Compiling the following with gcc (version: (Ubuntu 7.5.0-3ubuntu1~18.04) 7.5.0):
if(n >= m)
{
n = 0;
}
The code output looks like this:
23bd5: 48 3b 93 10 03 00 00 cmp 0x310(%rbx),%rdx
23bdc: 48 89 93 20 03 00 00 mov %rdx,0x320(%rbx)
23be3: 72 0d jb 23bf2
23be5: 48 c7 83 20 03 00 00 movq $0x0,0x320(%rbx)
23bec: 00 00 00 00
23bf0: 31 d2 xor %edx,%edx
23bf2: ....
I'm wondering why the compiler decides to use what looks like a rather expensive set of instructions. I would have used the following instead:
cmp 0x310(%rbx), %rdx
jb .L1
xor %edx, %edx
.L1
mov $rdx, 0x320(%rbx)
Could it be because the XOR takes so much time that it would stale before the store?

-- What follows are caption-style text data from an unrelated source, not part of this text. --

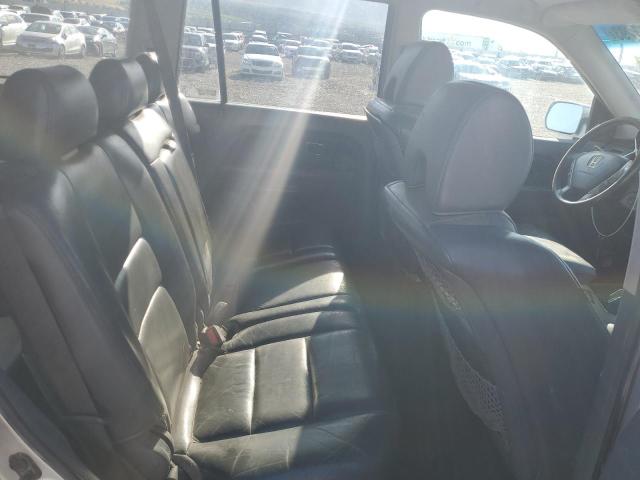 صورة رقم 10 من المزاد - 2006 HONDA PILOT EX مع VIN 2HKYF18686H507465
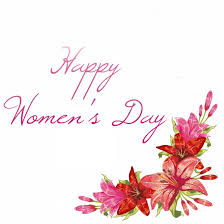 Happy Women's Day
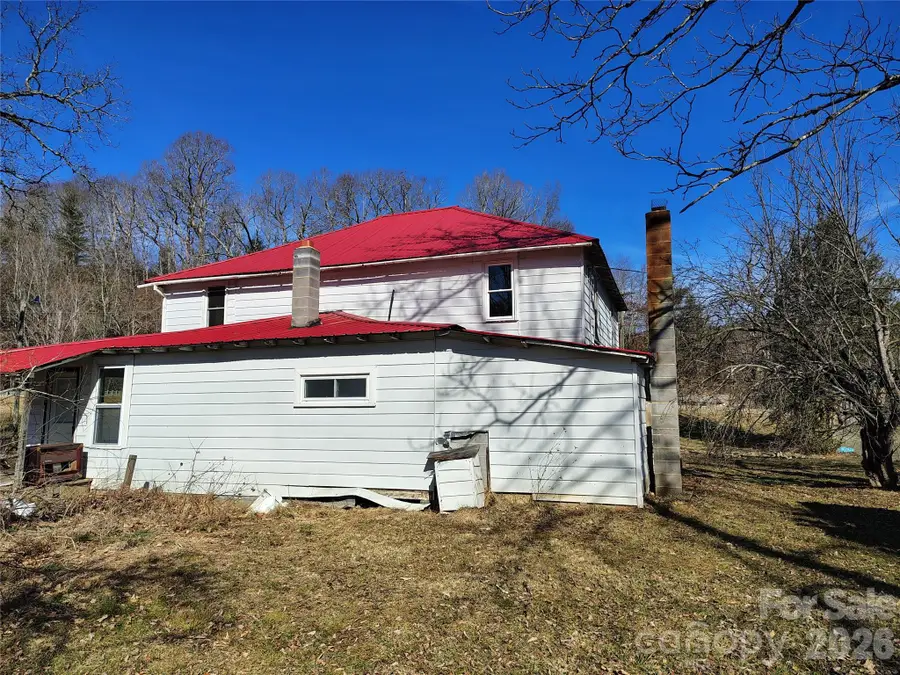 166 Old Helton School Road, Lansing, NC 28643 - #3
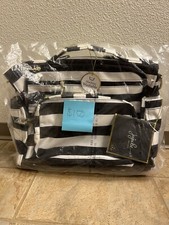 Jujube Ju-Ju-Be Legacy Diaper Bag Backpack The First Lady BFF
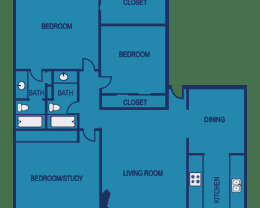 Partner-provided photo for $1806 unit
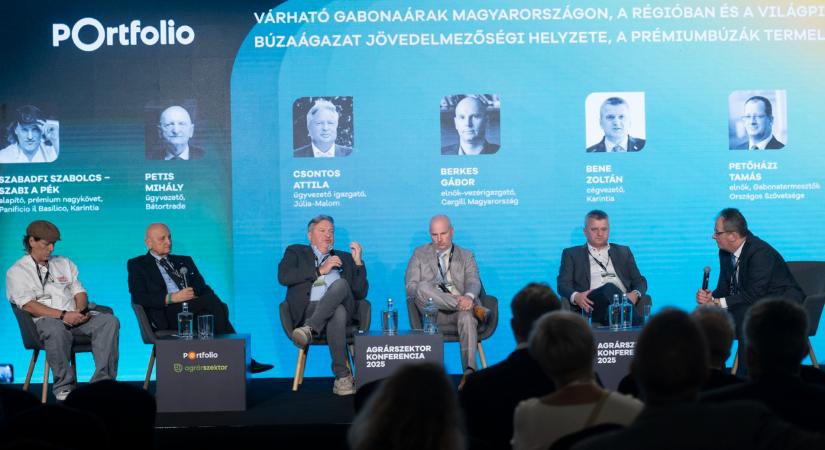 Mi lesz veled, magyar búza? Változást sürgetnek a szakértők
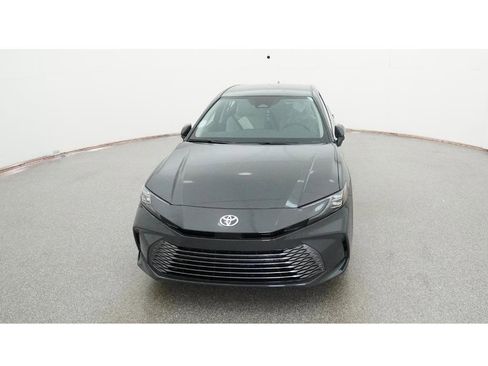 New 2026 Toyota Camry XSE image 15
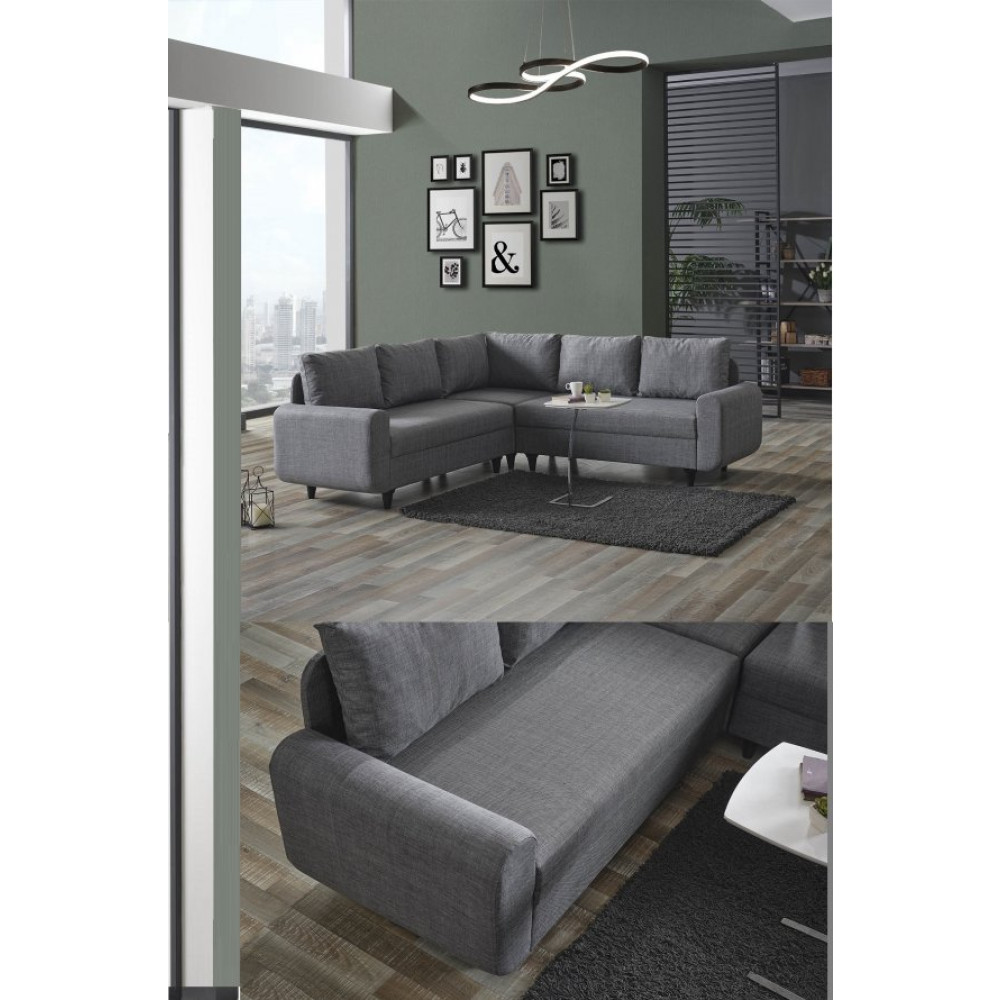Kagu Corner Flavia Plus Kose Takimi Köşe Takımı / Seti Fiyatı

Or is it that the first store doesn't really happen if the processor detects the second store? Or is it that the second store is nearly instant because it will use the L1 cache (presumably)?
(that being said, the store could happen later as other instructions coming after could safely be moved before that store).